In [1]:
from sklearn.mixture import GaussianMixture
from collections import Counter
import numpy as np
import os

In [2]:
# creates absolute path
def abspath(path, *paths):
    fpath = os.path.join(os.getcwd(), os.pardir, path)

    for p in paths:
        fpath = os.path.join(fpath, p)
    return fpath

In [3]:
def evaluation_metrics(pred_labels, true_labels):
    N = len(pred_labels)
    
    cluster_labels = {}
    for i in range(len(pred_labels)):
        cluster_labels.setdefault(pred_labels[i], []).append(true_labels[i])

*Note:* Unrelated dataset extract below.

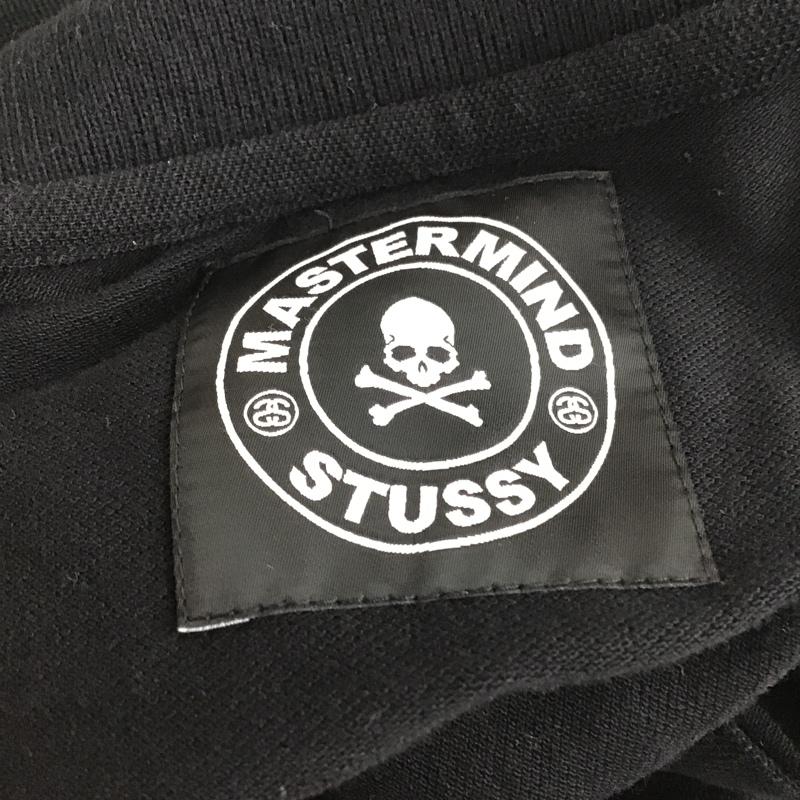 ステューシー STUSSY ポロシャツ 半袖 半そでカットソー 半袖ポロシャツ 刺繍 プリントカットソー カジュアルカットソー S 刺繍 黒 / ブラック / メンズ USED 古着 中古 10099526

    K = len(cluster_labels)

    # Store list of labels as a Counter
    for key,value in cluster_labels.items():
        cluster_labels[key] = Counter(value)

    # Calculate purity
    purity = 0
    for cluster in cluster_labels:
        purity += max(cluster_labels[cluster].values())
    purity /= N

    # Calculate gini index
    gini_index = 0
    for key,value in cluster_labels.items():
        gini = 0
        for k,v in value.items():
            gini += (v / sum(cluster_labels[key].values())) ** 2
        gini_index += 1 - gini
    gini_index /= K

    # Final result
    print('Purity -', round(purity, 4), 'Gini Index -', round(gini_index, 4), '\n')

In [4]:
# Fetch data
spambase_path = abspath('datasets', 'spambase.data')
print(spambase_path)
spambase_dataset = np.loadtxt(open(spambase_path, 'rb'), delimiter=',')

# Data and labels
spambase_data = spambase_dataset[:, list(range(0, spambase_dataset.shape[1] - 1))]
spambase_labels = spambase_dataset[:, spambase_dataset.shape[1] - 1]

print(spambase_dataset.shape)
print(spambase_data.shape)
print(spambase_labels.shape)

C:\Users\Ashton\Documents\GitHub\Machine-Learning-Experiments\Soft K-Means\..\datasets\spambase.data
(4601, 58)
(4601, 57)
(4601,)


In [5]:
model = GaussianMixture(n_components=2, covariance_type='diag', init_params='kmeans', max_iter=200)
model.fit(spambase_data)

pred_labels = model.predict(spambase_data)
evaluation_metrics(pred_labels, spambase_labels)

Purity - 0.7485 Gini Index - 0.3076